Greece is the poster child of Europe’s failed system called socialism.

There are 19 nations with serious sovereign debt problems and there is really no way back for them. They may as well all default, because the austerity programs they’d have to follow and at the same time to satisfy creditors, not only is impossible but it signals years of stunted growth and perhaps in many cases the possibility of revolution. Greece certainly fills that bill. We see the eurozone rules may soon be changed, so that eurozone participants can assist one another. That means in time they will all collapse together. As many as five members could need assistance of the 16 in the zone. Our guess is permanent bailouts will go forward and the ECB rules will be changed to allow the ECB to function like the Fed. Greece and many others are trapped and they will burden the healthy nations and neutralize them. This approach is the ECB nuclear option. It will destroy the zone eventually. This will destroy the euro and end the option of the euro becoming the world reserve currency. The zone would have adopted the same approach as the US and UK in destroying their currencies. How can you have a union with one interest rate, where the ECB controls the monetary policy, but cannot control the budget deficits, borrowing and spending activities of its members?
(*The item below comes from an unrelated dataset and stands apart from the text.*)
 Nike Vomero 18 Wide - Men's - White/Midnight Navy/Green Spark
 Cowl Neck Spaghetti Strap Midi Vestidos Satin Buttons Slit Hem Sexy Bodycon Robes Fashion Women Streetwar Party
The Keynesian dictum of borrowing and spending has led the eurozone into a black hole. What will emerge from that black hole will be something similar to the Federal Reserve. The psychology behind all this is a move to make the US dollar again preeminent as a world reserve currency. In the meantime the day of reckoning is shoved forward, a diversion from these economic policies are failed terrorist bomb plantings in NYC and the destruction of offshore oil platforms. As we said in an earlier issue Greece is the poster child – the goat. Greece has done no more or less than the other 18 insolvent countries and many more. One asked, how can the dollar be a strong currency, when they themselves are broke. They talk of fiscal stability and reform, such as higher taxes and the reduction of entitlement programs, but you will see little of that and lots of bait and switch tactics. We are also seeing in US Treasury auctions not only massive offerings, but also a new crop of direct bidders accounting for 13% of sales vs. 1%. The indirects, or foreign central banks, have fallen from 37% to 23%. In our mind there is no question that the directs are really the Fed. That means to us that the US was behind the forced downgrading of Greek and other debt. That was to bolster the position of the dollar and lower the value of the euro and other currencies, making their exports far more competitive and profitable.
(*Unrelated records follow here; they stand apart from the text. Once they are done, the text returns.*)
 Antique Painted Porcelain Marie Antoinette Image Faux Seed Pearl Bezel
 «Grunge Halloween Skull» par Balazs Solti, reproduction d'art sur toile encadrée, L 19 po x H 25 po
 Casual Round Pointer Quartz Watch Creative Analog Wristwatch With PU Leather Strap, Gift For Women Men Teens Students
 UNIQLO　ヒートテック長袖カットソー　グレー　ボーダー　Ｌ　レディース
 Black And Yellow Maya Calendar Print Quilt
Thus here we have a calculated lowering of the euro and other currencies, a stronger dollar to attract more funds to US bond auctions. We also have rating agencies assisting in the operation. Incidentally, Moody’s received a Wells notice in March and never announced it. We are sure we will find out soon that Warren Buffett has sold his Moody’s position. While this transpired the Greeks experienced another rating fall and at the US auction the indirects took 28% of the offering. The directs were there but as usual and as usual it was a secret as to who they were. Again, the direct bidders are the Fed. That is called quantitative easing and that is very inflationary.

As of this past weekend we find we have another all-inclusive ECB bailout package for those who haven’t asked for it yet, but will need it. This is the European version of quantitative easing. This method of saving the international banking system is to essentially nationalize it. The bottom line is this stopgap measure will eventually cause the dollar more harm than good. Once investors realize what the US and European nations have done to gain time they will be horrified and the ensuing fallout will be devastating for the dollar.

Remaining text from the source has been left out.